* _DESCRIPTION OF THE TASK_: Every line from the one with "Una camarera con" up to and including the one with "Home theater with" is to be output exactly as it appears below; pictures are not.

** RECORDS FOR PROCESSING follows **

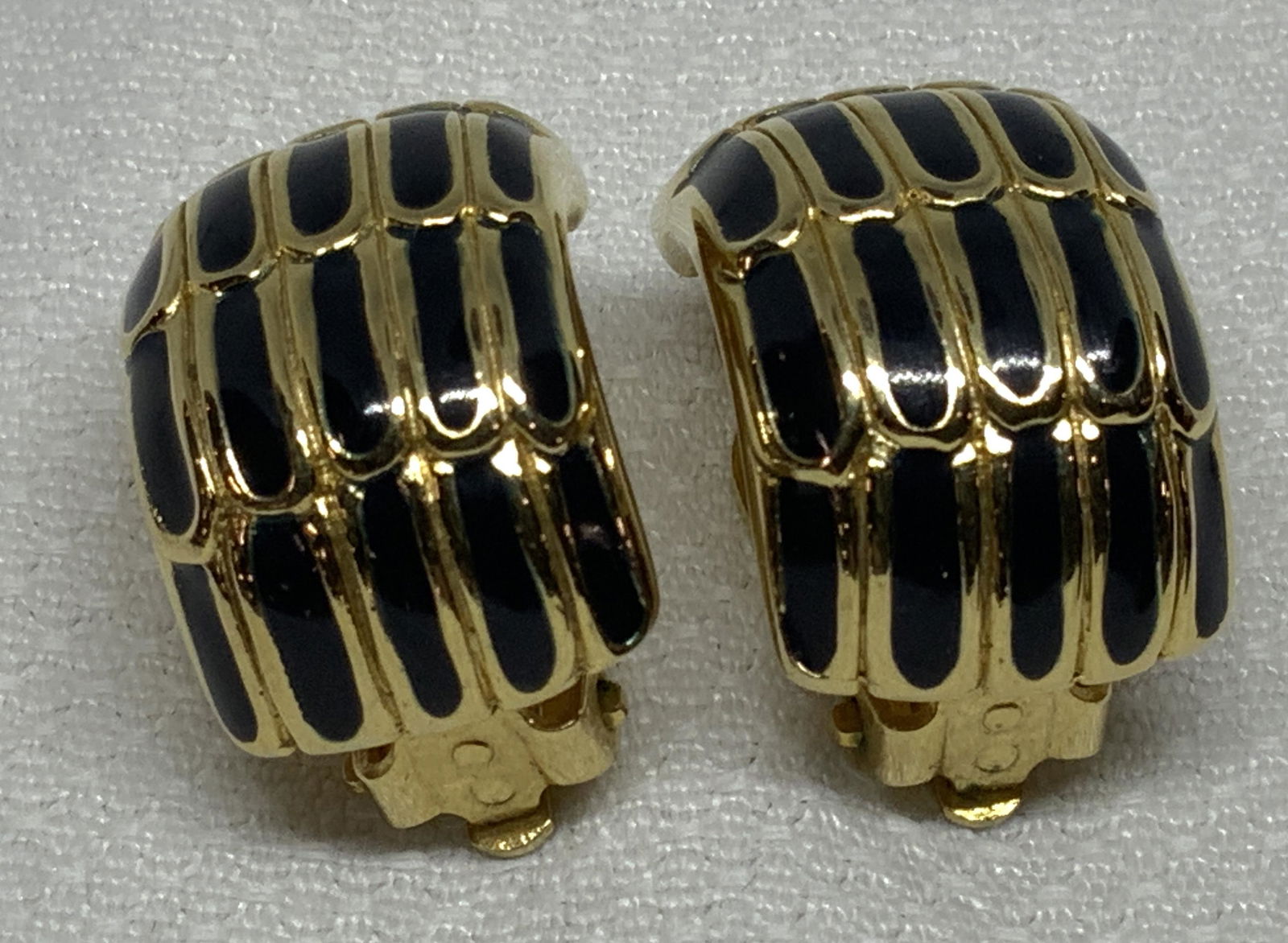 Signed ERWIN PEARL Enamel Earrings, Jewelry: ERWIN PEARL has been designing fashion accessories for women since 1952. He began his career as a diamond cutter and early on excelled in fine and fashion jewelry design. Gold toned and black enamel 1
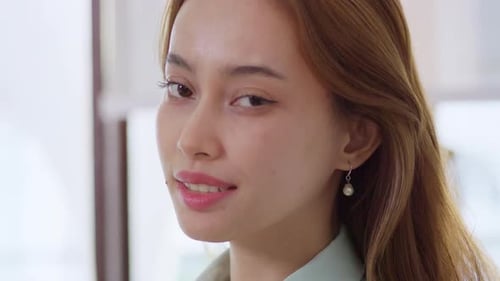 A confident young professional woman smiles warmly in an office embodying positivity and success.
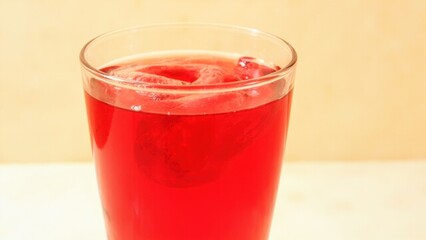 A tilted glass filled with vibrant red liquid sits against a soft peach background. The transparency of the drink and the gentle lighting create a clean and refreshing visual contrast.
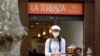 Una camarera con máscara protectora lleva bebidas a los clientes en una sección de asientos al aire libre de un restaurante en Ramblas, ya que algunas provincias españolas pueden aliviar las restricciones de bloqueo durante la fase uno.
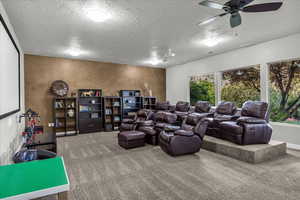 Home theater with a ceiling fan, carpet flooring, and a textured ceiling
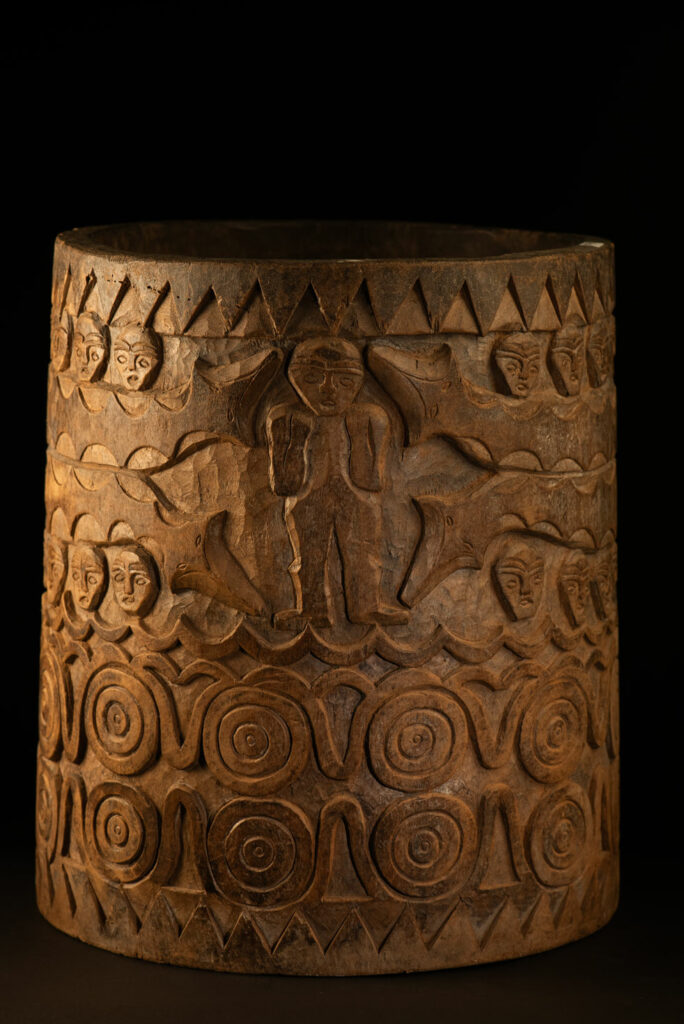 Ancient granary chest from the Paiwan tribe, used to store millet grains. Richly carved with sacred snakes, human heads, circular motifs, and anthropomorphic figures.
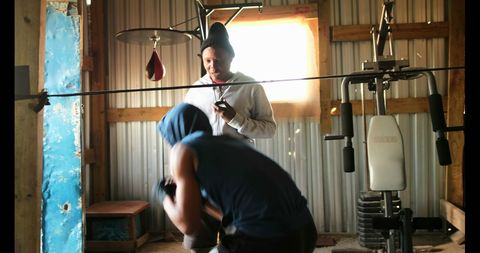 Young Boxer Training with Coach in Gym Setting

** End of RECORDS FOR PROCESSING **

* _RESULT OF THIS EXERCISE_:
 Una camarera con máscara protectora lleva bebidas a los clientes en una sección de asientos al aire libre de un restaurante en Ramblas, ya que algunas provincias españolas pueden aliviar las restricciones de bloqueo durante la fase uno.
 Home theater with a ceiling fan, carpet flooring, and a textured ceiling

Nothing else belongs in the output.